On Kaggle, I was trying to replicate the Dogs v Cats inferencing that Jeremy ran off his local machine - and had to muddle around to work out how to directly upload and reference individual test pics from my machine (rather than the web search code from Lesson 1). I’m sharing one way I found, in case its useful to others, or anyone can advise a better way.

  1. Click Datasets in left sidebar, then click New Dataset.

  2. Give the dataset a name and url (like testpets), then drag files from Windows Desktop into the window…

  3. Click Create in previous image.
    Then back where we are coding, click Add data from the right sidebar.
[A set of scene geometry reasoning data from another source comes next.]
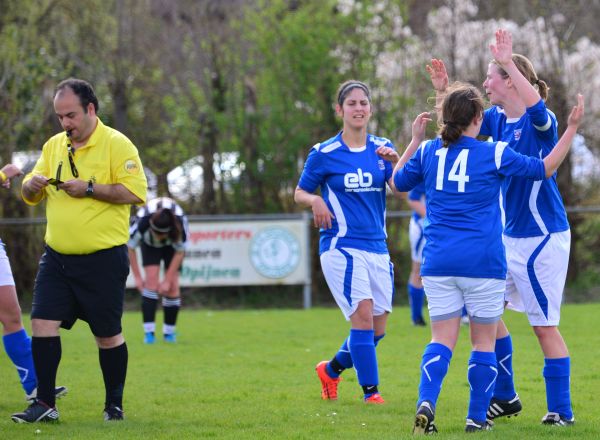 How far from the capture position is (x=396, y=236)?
18.7 meters

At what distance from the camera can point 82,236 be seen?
673 cm

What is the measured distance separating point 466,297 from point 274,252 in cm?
1179

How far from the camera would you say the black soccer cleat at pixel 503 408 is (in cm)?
670

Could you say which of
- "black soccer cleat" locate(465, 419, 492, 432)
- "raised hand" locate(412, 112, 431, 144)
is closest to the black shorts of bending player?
"raised hand" locate(412, 112, 431, 144)

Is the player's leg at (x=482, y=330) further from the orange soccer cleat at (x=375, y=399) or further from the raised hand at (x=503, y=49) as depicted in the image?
the orange soccer cleat at (x=375, y=399)

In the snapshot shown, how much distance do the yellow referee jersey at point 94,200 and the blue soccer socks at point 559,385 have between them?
2846 mm

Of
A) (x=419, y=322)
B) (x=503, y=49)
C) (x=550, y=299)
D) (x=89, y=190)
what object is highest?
(x=503, y=49)

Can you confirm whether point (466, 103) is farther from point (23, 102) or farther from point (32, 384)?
point (23, 102)

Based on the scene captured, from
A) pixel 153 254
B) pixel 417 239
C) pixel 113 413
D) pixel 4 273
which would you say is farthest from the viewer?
pixel 417 239

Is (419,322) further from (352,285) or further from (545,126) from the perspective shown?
(545,126)

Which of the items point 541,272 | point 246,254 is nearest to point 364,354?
point 541,272

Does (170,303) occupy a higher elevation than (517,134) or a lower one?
lower

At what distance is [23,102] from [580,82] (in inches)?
425

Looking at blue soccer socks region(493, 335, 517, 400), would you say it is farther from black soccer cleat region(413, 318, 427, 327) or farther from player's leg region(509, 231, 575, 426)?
black soccer cleat region(413, 318, 427, 327) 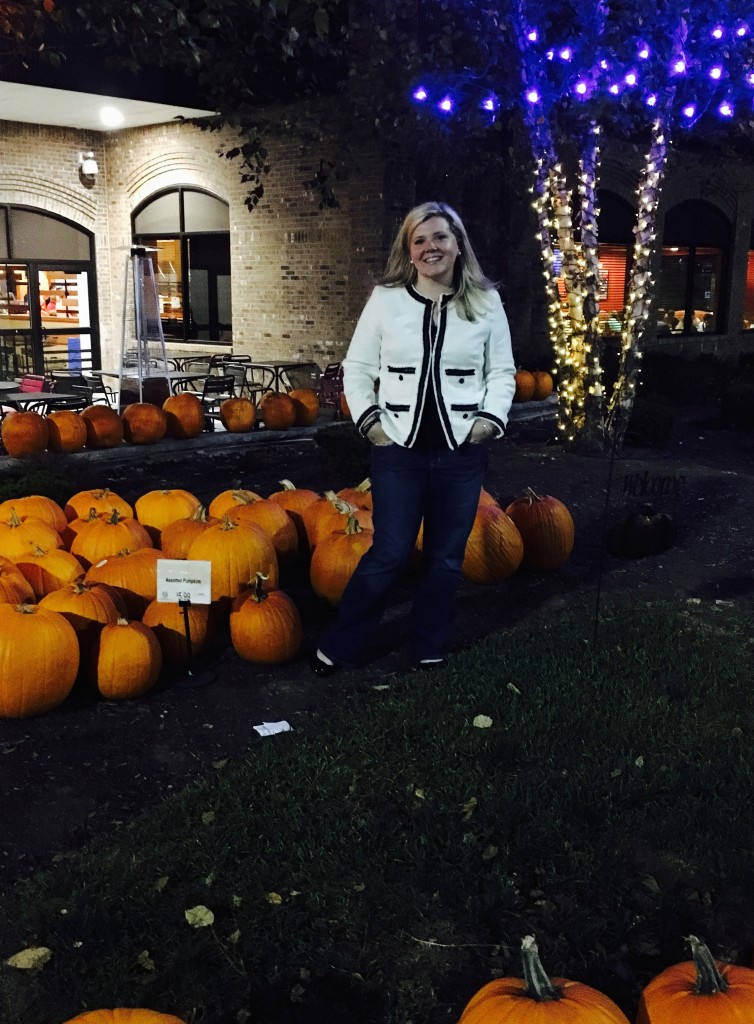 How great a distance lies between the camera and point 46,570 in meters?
4.81

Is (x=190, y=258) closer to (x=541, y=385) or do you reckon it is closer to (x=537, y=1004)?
(x=541, y=385)

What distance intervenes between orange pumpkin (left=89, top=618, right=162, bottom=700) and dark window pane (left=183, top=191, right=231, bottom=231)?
12699mm

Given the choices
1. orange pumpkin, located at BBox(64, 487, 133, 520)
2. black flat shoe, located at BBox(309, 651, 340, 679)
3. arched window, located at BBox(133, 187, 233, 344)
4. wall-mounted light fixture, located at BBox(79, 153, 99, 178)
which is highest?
wall-mounted light fixture, located at BBox(79, 153, 99, 178)

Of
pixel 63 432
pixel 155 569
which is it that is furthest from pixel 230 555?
pixel 63 432

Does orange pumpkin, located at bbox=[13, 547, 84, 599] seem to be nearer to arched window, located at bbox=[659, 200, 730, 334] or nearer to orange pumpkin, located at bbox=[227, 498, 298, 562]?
orange pumpkin, located at bbox=[227, 498, 298, 562]

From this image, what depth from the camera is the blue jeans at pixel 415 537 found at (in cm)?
428

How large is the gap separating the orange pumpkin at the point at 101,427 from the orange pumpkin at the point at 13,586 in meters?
5.79

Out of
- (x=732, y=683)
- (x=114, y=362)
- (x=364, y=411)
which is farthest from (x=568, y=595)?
(x=114, y=362)

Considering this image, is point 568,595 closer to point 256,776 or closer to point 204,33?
point 256,776

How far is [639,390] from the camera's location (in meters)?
16.3

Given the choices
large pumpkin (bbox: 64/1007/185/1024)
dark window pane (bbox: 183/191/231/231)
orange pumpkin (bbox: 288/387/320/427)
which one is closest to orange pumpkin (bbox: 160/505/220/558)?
large pumpkin (bbox: 64/1007/185/1024)

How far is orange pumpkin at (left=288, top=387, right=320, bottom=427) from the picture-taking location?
39.8 feet

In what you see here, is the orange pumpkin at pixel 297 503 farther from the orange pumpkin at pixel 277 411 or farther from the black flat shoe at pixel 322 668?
the orange pumpkin at pixel 277 411

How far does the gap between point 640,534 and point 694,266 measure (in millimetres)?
15159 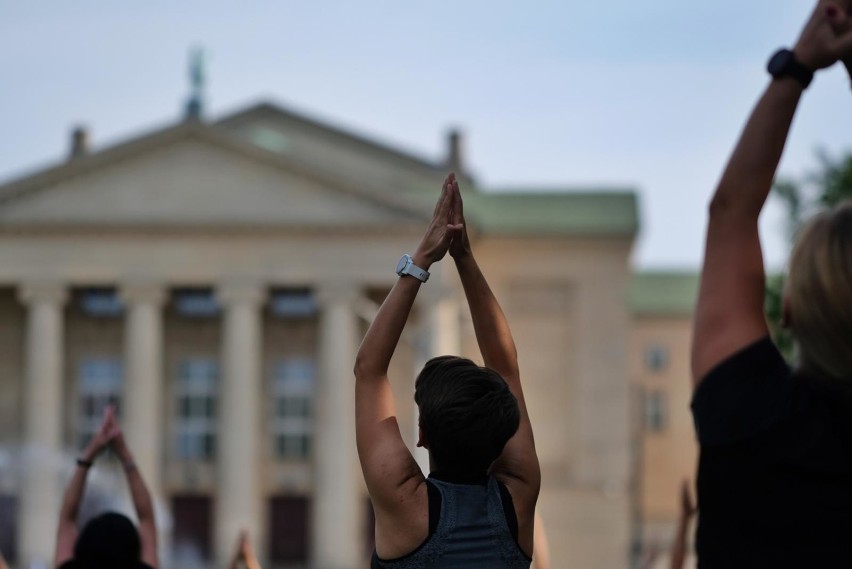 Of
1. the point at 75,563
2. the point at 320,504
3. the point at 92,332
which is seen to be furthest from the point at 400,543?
the point at 92,332

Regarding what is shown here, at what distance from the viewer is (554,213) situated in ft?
229

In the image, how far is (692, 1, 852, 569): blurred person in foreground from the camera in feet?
12.8

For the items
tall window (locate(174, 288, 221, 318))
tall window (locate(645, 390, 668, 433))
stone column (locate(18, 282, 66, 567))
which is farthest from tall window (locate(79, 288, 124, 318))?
tall window (locate(645, 390, 668, 433))

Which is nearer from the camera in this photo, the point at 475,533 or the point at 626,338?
the point at 475,533

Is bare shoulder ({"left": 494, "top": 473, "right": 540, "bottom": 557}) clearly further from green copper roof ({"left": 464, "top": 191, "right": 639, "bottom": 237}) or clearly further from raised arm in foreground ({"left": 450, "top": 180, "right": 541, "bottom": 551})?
green copper roof ({"left": 464, "top": 191, "right": 639, "bottom": 237})

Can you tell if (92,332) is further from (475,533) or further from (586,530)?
(475,533)

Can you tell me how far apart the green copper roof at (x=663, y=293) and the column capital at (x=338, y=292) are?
37.0 meters

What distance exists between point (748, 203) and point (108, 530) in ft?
11.9

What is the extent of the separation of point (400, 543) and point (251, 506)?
5916cm

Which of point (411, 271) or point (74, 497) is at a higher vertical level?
point (411, 271)

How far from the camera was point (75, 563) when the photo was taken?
694cm

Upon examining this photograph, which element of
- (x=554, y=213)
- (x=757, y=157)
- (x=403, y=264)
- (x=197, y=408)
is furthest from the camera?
(x=554, y=213)

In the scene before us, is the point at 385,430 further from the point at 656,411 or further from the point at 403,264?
the point at 656,411

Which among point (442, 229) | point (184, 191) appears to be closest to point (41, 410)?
point (184, 191) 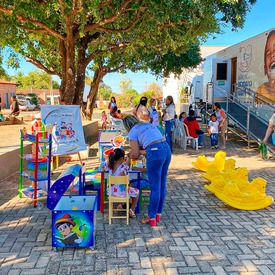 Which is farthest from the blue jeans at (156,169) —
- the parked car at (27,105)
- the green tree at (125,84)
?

  4. Select Your datasets, then click Add.

  5. Now testpets appears as a pink square under Input.
    Hover over file dog.jpg and click its Copy file path icon.
    Paste that path into our code.
    Execute the cell to see the pic.

4 Likes

…and then I needed to do similar to reference the PKL file, so while I’m on a roll…

  1. Click Add data in right sidebar.

  2. Select Notebook Output Files then Your Work.
    Then click Add on the notebook that generated the model.pkl file.

  3. Hover over file model.pkl and click its Copy file path icon.
    Paste that path into our code, execute that cell and then the next one to see the prediction.

2 Likes

A curiousity… Lesson 2 video at 44:27 shows TensorBase(0)

but when I replicate the notebook on Kaggle it shows tensor(0)

Conventions from my Smalltalk background have me reading the former as a class and the latter as an instance, but I think I’m reading too much into it.

I’ve got a couple of things packed in here…
Here is the my Cats v Dogs notebook in kaggle…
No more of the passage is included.